TASK GOAL –
Repeat the lines below exactly as written, please, from the line with "Tree house dwellers of India" to the line with "Culoare pisica Scottish", both lines included, and no others.

SUPPLIED MATERIAL –
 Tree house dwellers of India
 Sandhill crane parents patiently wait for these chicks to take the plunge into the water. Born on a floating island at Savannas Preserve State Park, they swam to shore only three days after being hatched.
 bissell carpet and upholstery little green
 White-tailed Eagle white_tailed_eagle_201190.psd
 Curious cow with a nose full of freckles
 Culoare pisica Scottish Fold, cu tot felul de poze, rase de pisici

* * *

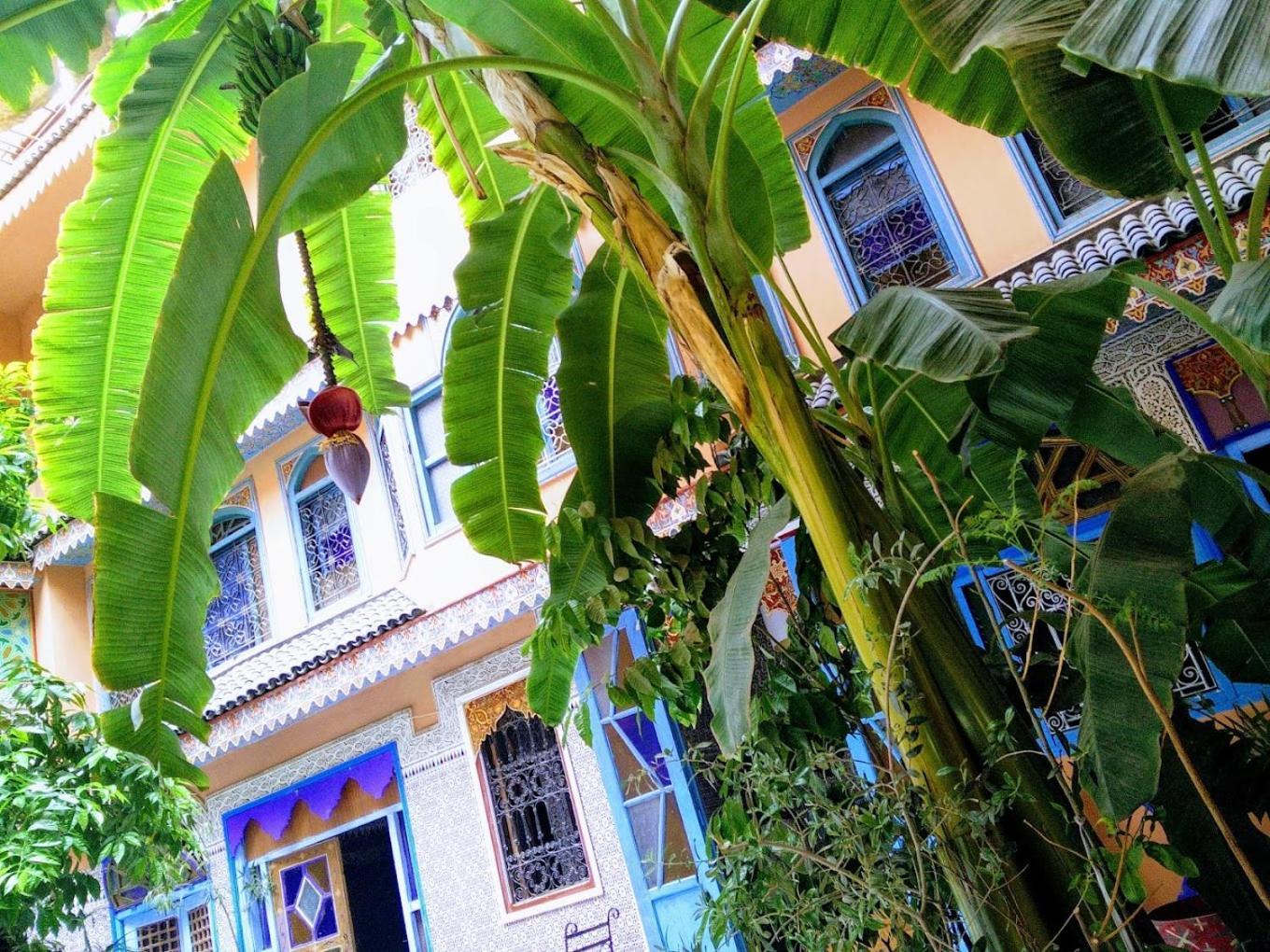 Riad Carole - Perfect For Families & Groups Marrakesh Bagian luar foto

* * *

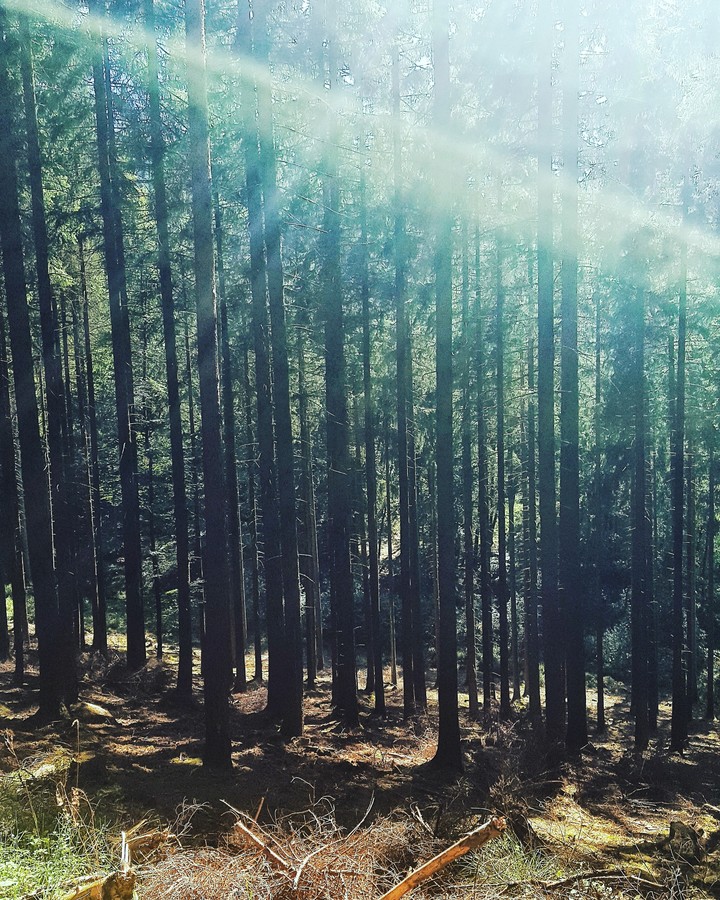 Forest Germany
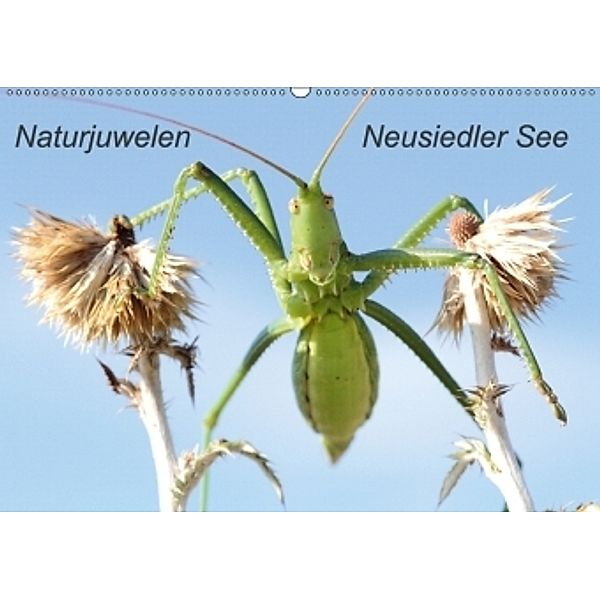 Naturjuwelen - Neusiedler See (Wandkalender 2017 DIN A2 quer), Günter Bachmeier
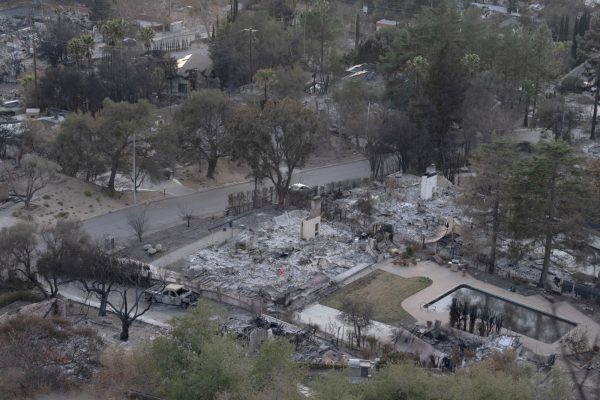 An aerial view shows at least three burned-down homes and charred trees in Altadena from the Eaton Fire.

RESPONSE BELOW –
 Tree house dwellers of India
 Sandhill crane parents patiently wait for these chicks to take the plunge into the water. Born on a floating island at Savannas Preserve State Park, they swam to shore only three days after being hatched.
 bissell carpet and upholstery little green
 White-tailed Eagle white_tailed_eagle_201190.psd
 Curious cow with a nose full of freckles
 Culoare pisica Scottish Fold, cu tot felul de poze, rase de pisici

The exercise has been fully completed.